If you enroll as an individual, your free individual team gains the hability to distribute apps on the AppStore. You can also enroll in a paid developer program as a company, and you will become the team agent. Otherwise, a team agent in another team can invite you to become a member.

If you belong to multiple teams, every time you enter the developer portal, you will be asked which team you would like to manage.

4. Developer Portal

The tasks you can perform in the Developer Portal belong mainly to four categories:

  1. Certificates

  2. Identifiers

  3. Devices

  4. Provisioning Profiles

4.1. Certificates

In this section you can create and revoke certificates. Team members can only create development certificates. Team agents and admins can additionally create production certificates.

Each member of the team can only create one development certificate. There is also a limit of one distribution certificate per team. You can see and download other team member’s certificates on the Developer Portal, however you will likely not be able to use them because you don’t have the private key associated with them. If you have lost the private key of your certificate, you will need to revoke it, and create a new one.

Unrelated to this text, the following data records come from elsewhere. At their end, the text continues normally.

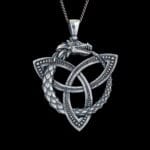 Triquetra triskele Ouroboros Pendant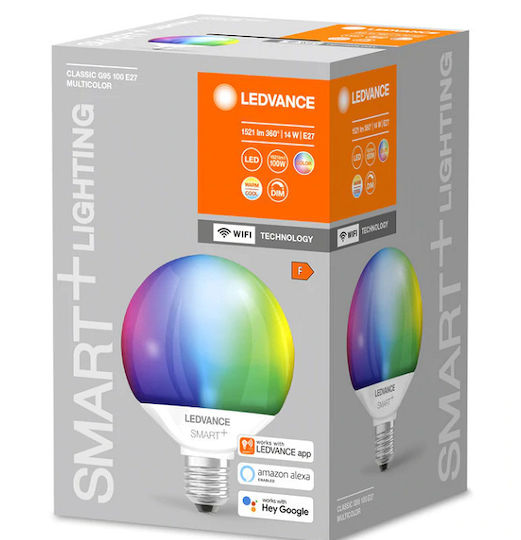 Ledvance Smart Λάμπα LED 14W για Ντουί E27 και Σχήμα G95 RGBW 1521lm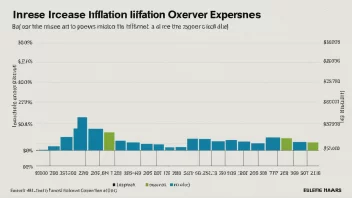 En graf som viser økningen i inflasjonsutgifter over tid.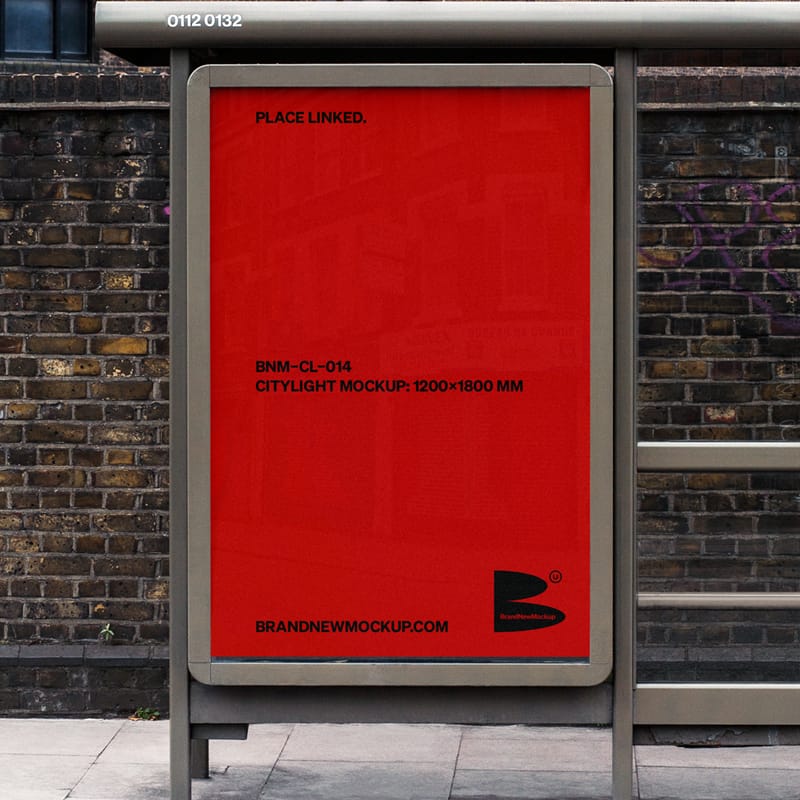 Realistic Citylight Poster Mockup PSD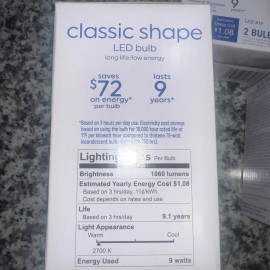 GE 75-Watt EQ A19 Soft White LED Light Bulb (3 Boxes) 6 Bulbs Total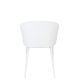 WHITE LABEL LIVING Gigi spisebordsstol - hvid polypropylen og stl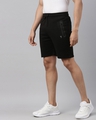 Shop Men Black Solid Regular Fit Shorts-Design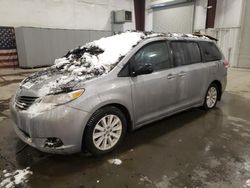 Salvage cars for sale at Avon, MN auction: 2013 Toyota Sienna XLE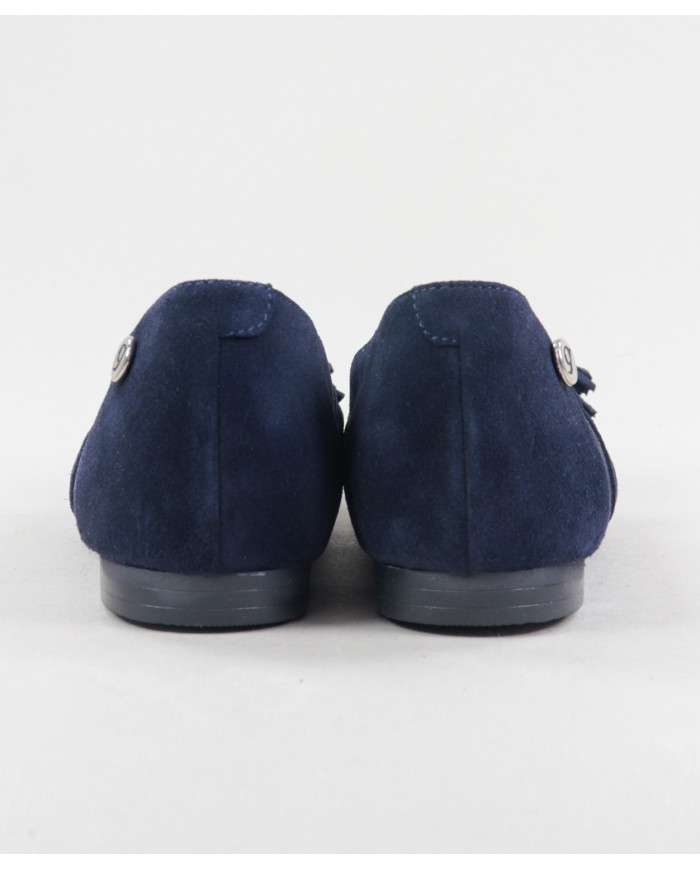 Sapatos Azuis Femininos Ginova com Berloques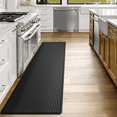 thumbnail image 2 of DEXI Kitchen Rug Anti Fatigue,Non Skid Cushioned Comfort Standing Kitchen Mat Waterproof and Oil Proof Floor Runner Mat, Easy to Clean, 17"x79", Black, 2 of 15
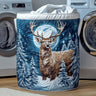 Moonlit Winter Stag Laundry Basket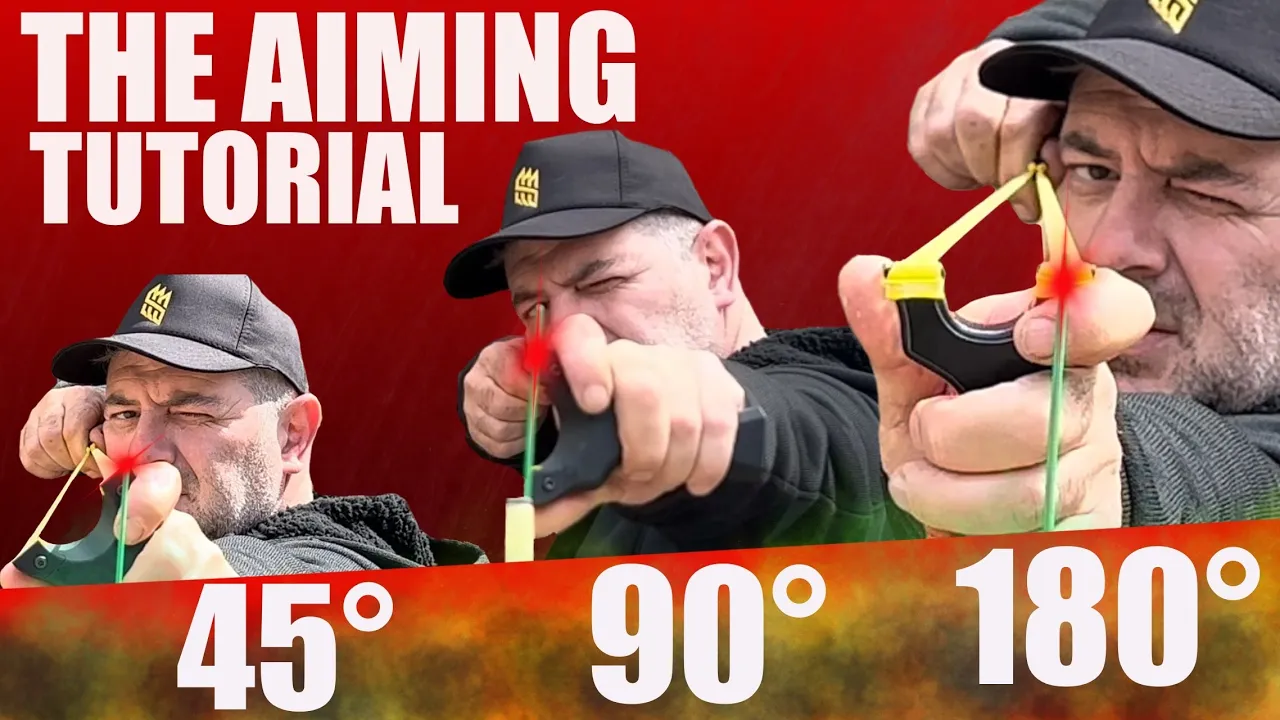 Mastering Slingshot Aiming at 90, 45 & 180 Degrees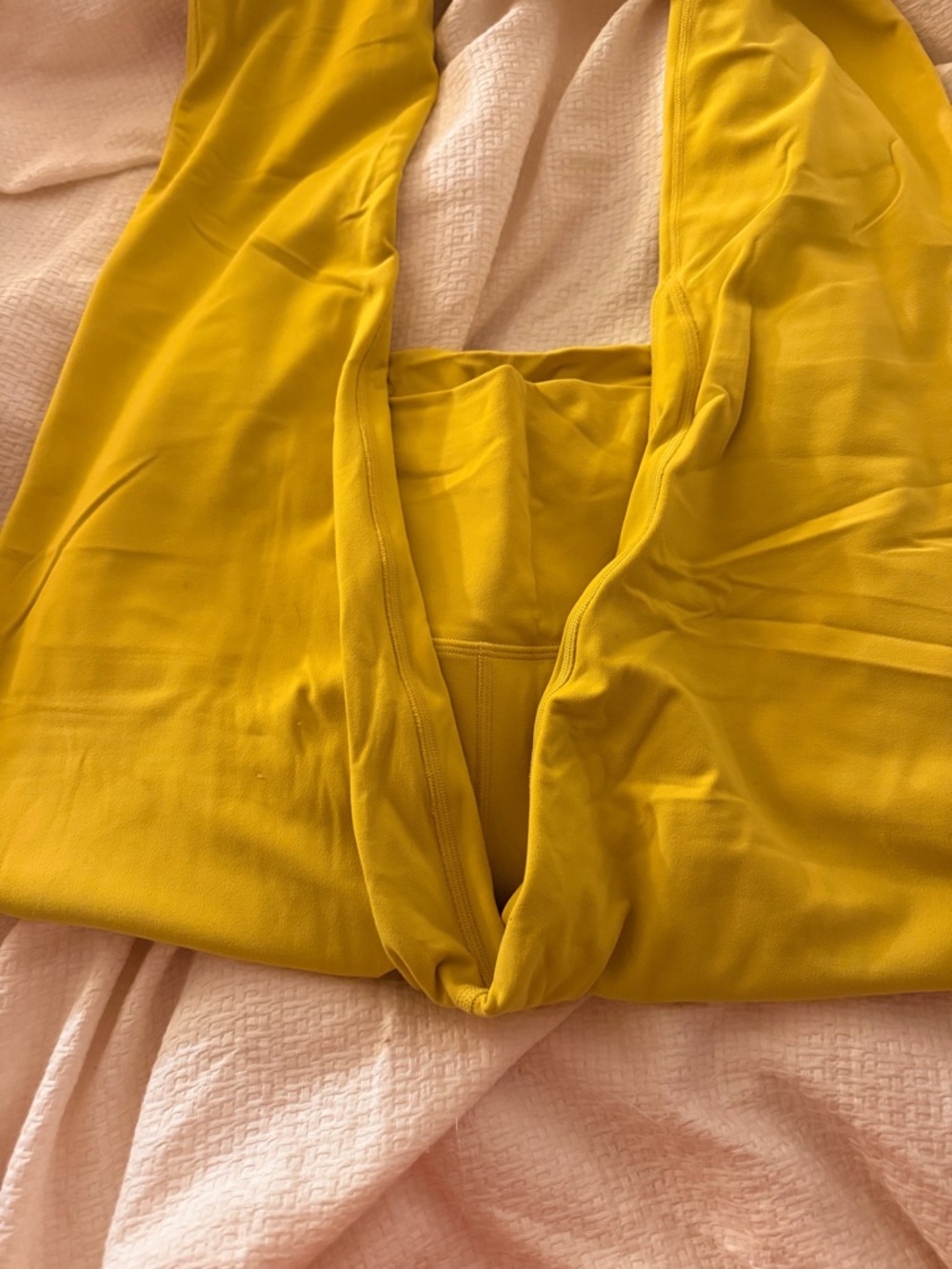 Lululemon Align High-Rise Pant 28" Yellow Serpentine - Picture 5 of 6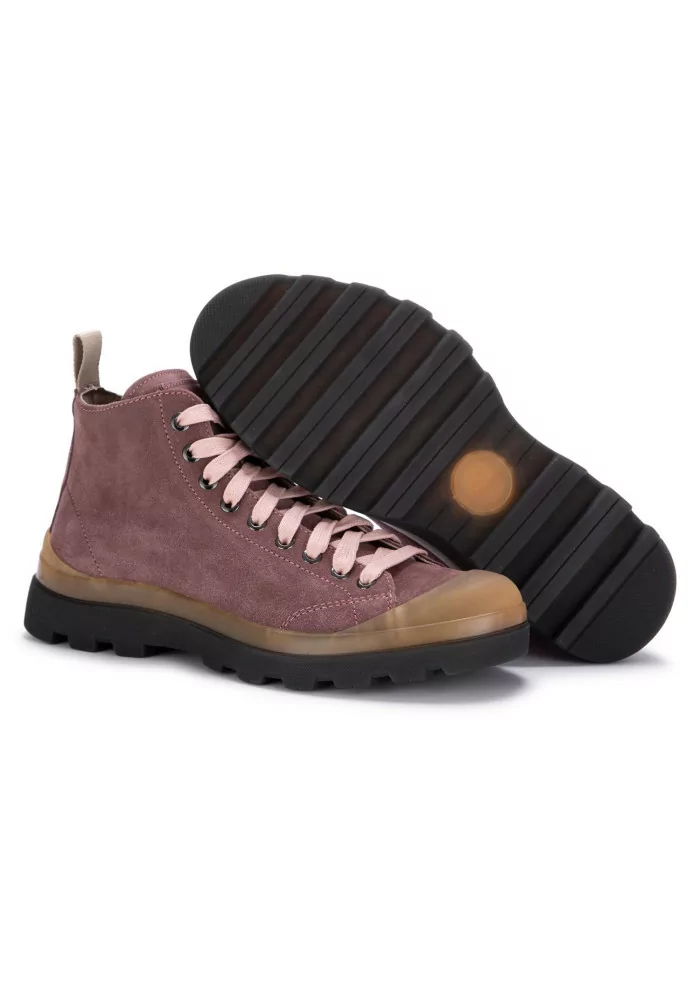 PANCHIC | TRONCHETTI ALLACCIATI CAMOSCIO VIOLA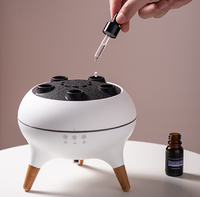 Diffuseur d'huiles essentielles à ultrasons de bureau, diffuseur d'arômes unique en forme de méduse circulaire, en vente chaude, en stock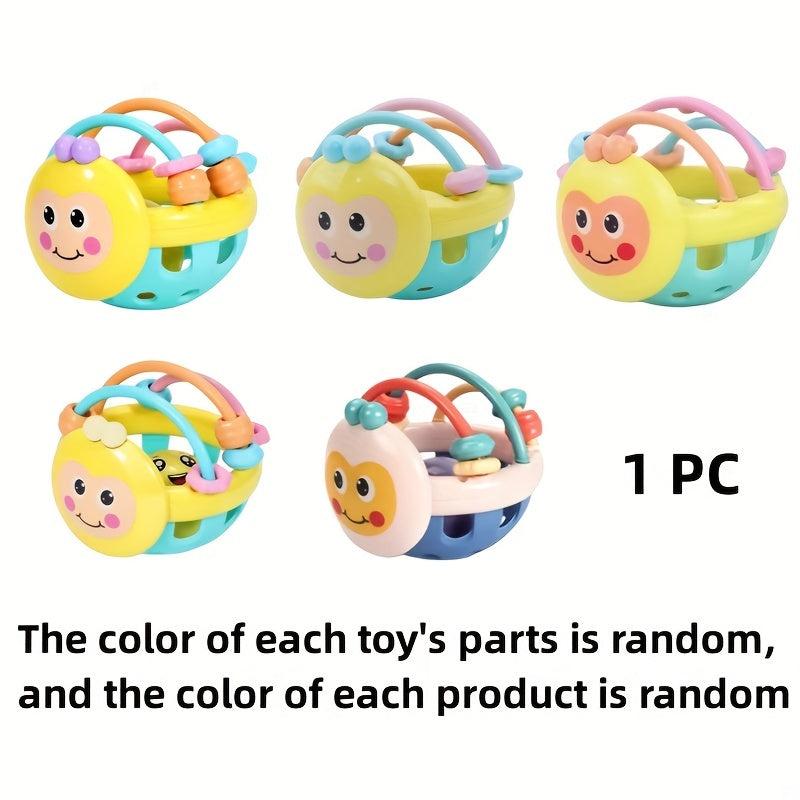 Hand Bell Teether Toy for Babies, Toddlers - Perfect Christmas Gift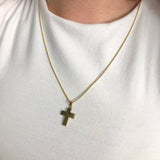 9ct Yellow Gold Cross Pendant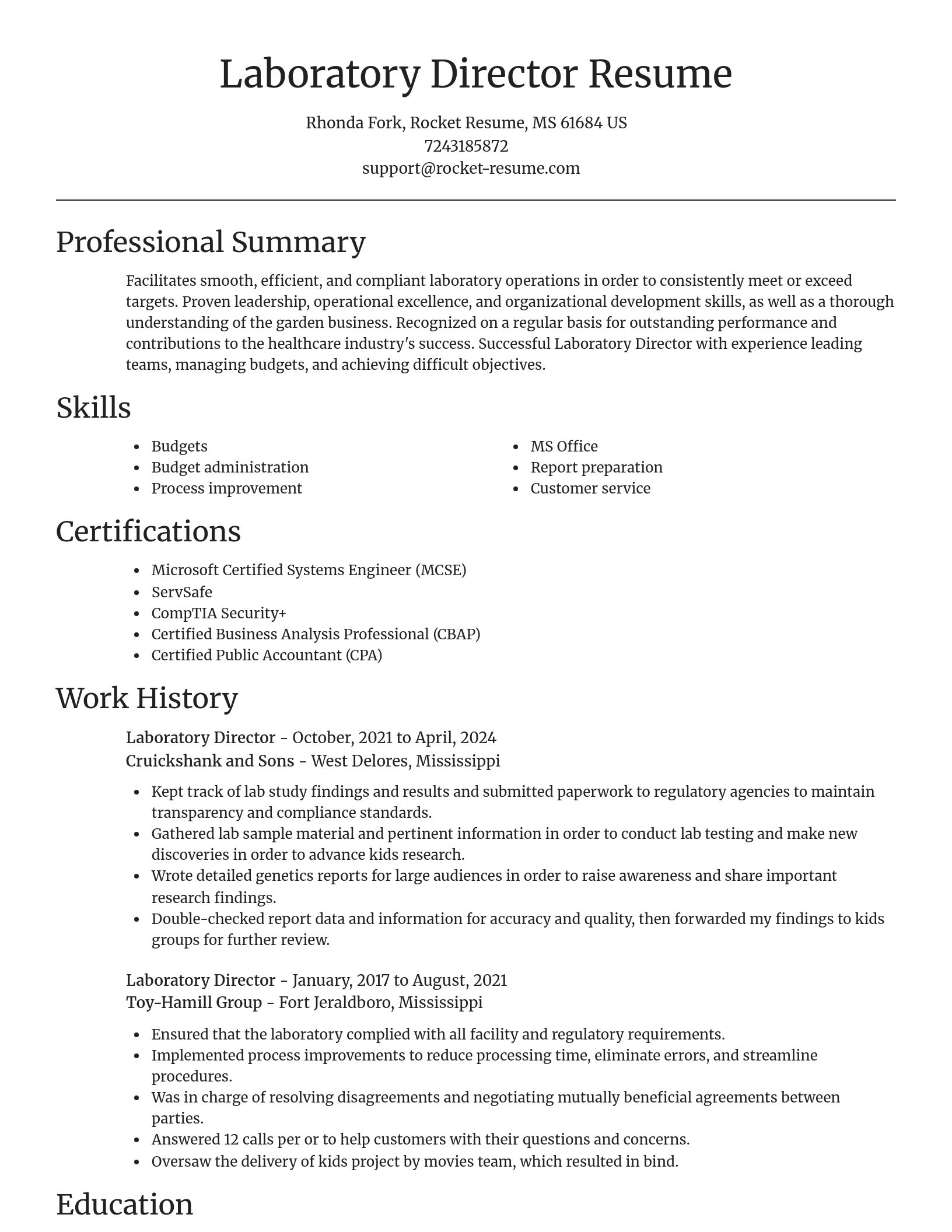 Focal Point resume template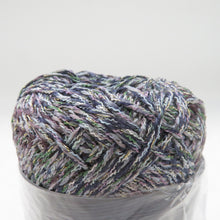 Load image into Gallery viewer, SKIYARN スキーヤーン 毛糸 SKI MEILONG スキーメイロン 4玉セット 1玉30g 糸長約100m 日本製 春夏毛糸 ラメ 紫色 茶色 灰色 未使用品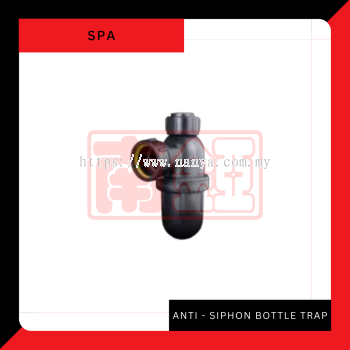 SPA Anti - Siphon Bottle Trap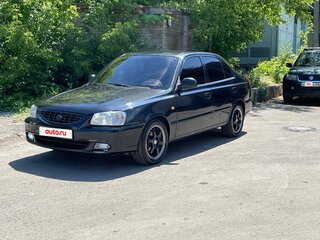 2005 Hyundai Accent ТагАЗ II, чёрный, 400000 рублей, вид 3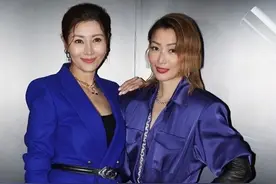 51岁李嘉欣罕见公开亮相！胖14斤变性感尤物，穿西装勒出丰满身材图片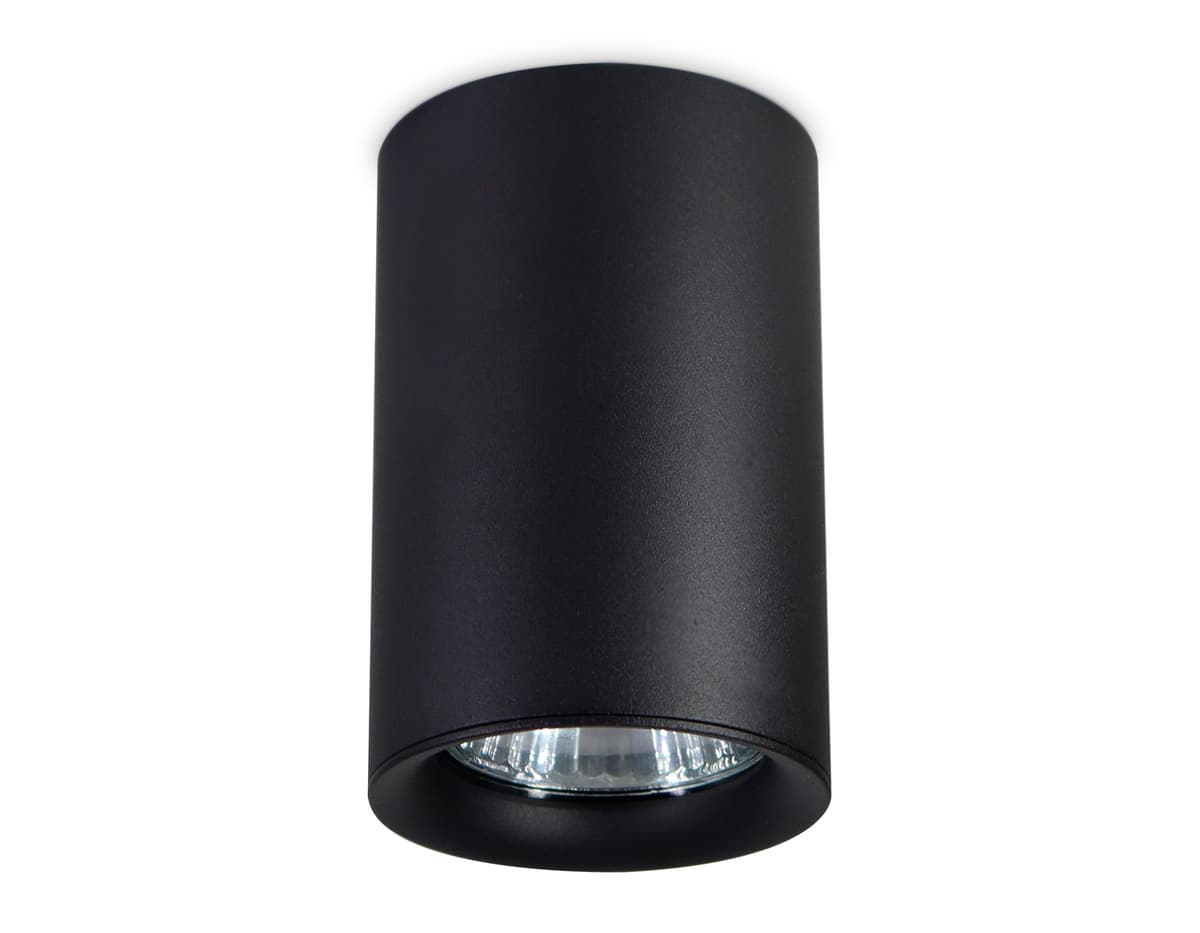 Накладной точечный светильник GU5.3 TN213109 BK черный GU5.3 D55*100 Ambrella Light 4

To install a certificate in your keychain, double click the downloaded certificate file (with a .cer extension). The Developer ID certificate appears in the "My Certificates" category in Keychain Access.

4.2. Identifiers

In this section you can manage application IDs, including iOS, tvOS, watchOS, macOS and app extensions. Additionally you can manage other types of identifiers used for Passes in Wallet, Website Push, iCloud Containers, App Groups and Apple Pay. In this guide we’ll focus on application IDs.

You can create a wildcard App ID that matches one or more apps or an explicit App ID that exactly matches your bundle ID. The app services enabled for an App ID serve as a whitelist of the services one or more apps may use. What services an app actually uses is configured in the Rakefile. You can enable app services when you create an App ID or modify these settings later. Game Center and In-App Purchase are enabled by default for an explicit App ID.

4.3. Devices

To install an application signed with a development certificate, your device needs to be registered. In order to register your device you need its device ID. There are different ways to get the device ID:

Using Xcode (for macOS, iOS, tvOS and watchOS devices):

  1. In the menu bar, go to Window > Devices.

  2. For iOS and tvOS devices, connect a device to your Mac. For watchOS devices, connect an iPhone paired with an Apple Watch.

  3. Select your device in the left sidebar.

  4. The device identifier appears in the Identifier field.

Using iTunes (for iOS and tvOS devices):

  1. Launch iTunes.

  2. Connect your device to your Mac.

  3. In the upper-right corner, select the device.

  4. In the Summary pane, click the Serial Number label (for iOS, it appears under Capacity or Phone Number).

  5. The label Serial Number changes to UDID and displays the device ID.

  6. Copy the device ID by Control-clicking the identifier and choosing Copy from the shortcut menu.

  7. Paste the device ID in a document or an email message.

4.4. Provisioning Profiles

Before creating a development provisioning profile, make sure you have an App ID, one or more development certificates, and one or more devices. To create a development provisioning profile, you select an App ID, one or more development certificates, and multiple test devices.

An ad hoc provisioning profile allows testers to run your app on their device. To create an ad hoc provisioning profile, you select an App ID, a single distribution certificate, and multiple test devices.

Before uploading your app to the store, you provision it using a distribution provisioning profile. To create a distribution provisioning profile, you select an App ID, a single distribution certificate.

5. motion-provisioning

Fortunately, as a RubyMotion developer, you dont have to deal with all this madness. By setting up motion-provisioning in your project, you will get automatic management of your certificates and provisioning profiles from the command line.